In fact, it was Polygon Studios that recommended XP.NETWORK as a trusted partner for the task. Thanks to bridging, Gold Fever will be able to increase and distribute the utility and liquidity without having to spend money on development on alternative chains.
The whole Gold Fever economy is underpinned by commercial NFTs – all those buildings, boats, planes, and tools that help users earn an income in the game. They are different from artwork NFTs and collectible NFTs in that they are strictly practical. You also need a lot of them – enough to accommodate the needs of thousands of players.
Apart from their huge numbers, Gold Fever’s commercial NFTs are also very complex. The first collection will consist of Mystery Boxes that can contain up to six other NFTs within them, which, when combined, produce a mask.
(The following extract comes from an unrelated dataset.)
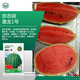 京農研西瓜甜瓜種子8424麒麟甜王無(wú)籽京欣西瓜大興L600超甜彩瓤小西瓜 澳龍1號紅瓤小西瓜 約20粒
Mystery Boxes will be sold on Ethereum. Buyers will then need to bridge them to Polygon and break them open to reveal the parts and forge a mask out of them. The alternative is to bridge the parts back to Ethereum and sell them separately on OpenSea.
On top of all this, other types of NFTs in Gold Fever will be very different from Masks. For example, a mining claim NFT can contain a certain amount of NGL gold and can be attached to a land parcel. Such commercial NFTs will be minted on Polygon and then bridged to Ethereum by users if they want to re-sell them. You can learn more from our recent AMA with Gold Fever on YouTube.


All this made our task rather challenging. It’s all well and good that Ethereum and Polygon are both EVM chains, but mapping the smart contracts for bridging something like parts of a Mask in a Mystery Box is still very complicated, especially in terms of minimizing gas costs.
Initially we had 4MB files of tokenIDs for mapping, which was way too heavy. One of the key principles of blockchain is that storage costs more than computation. You want to avoid excessive storage of megabytes of useless data if there’s a way to calculate it on the fly instead.
Another problem is human error. When you map contracts using thousands of hard-coded token IDs, there’s a risk that some of them will be lost, forgotten, misprinted etc. An NFT can then get stuck while bridging.
Luckily, when it comes to NFT contract mapping, XP.NETWORK has the most experienced team around, led by our tireless CTO Dima Brook.
After a lot of experimenting, we re-engineered the whole mapping architecture to allow it to support ranges. We don’t need to hard-code any NFT token IDs, and there is no risk of NFTs getting stuck, either.
We are currently working on mapping two smart contracts: one Ethereum and one on Polygon. The NFTs from 0 to (2^128-1) – which is a very, very large number – will be minted on Ethereum, and those with the order numbers from 2^128 to 2^256 (also a huge number) will be minted on Polygon.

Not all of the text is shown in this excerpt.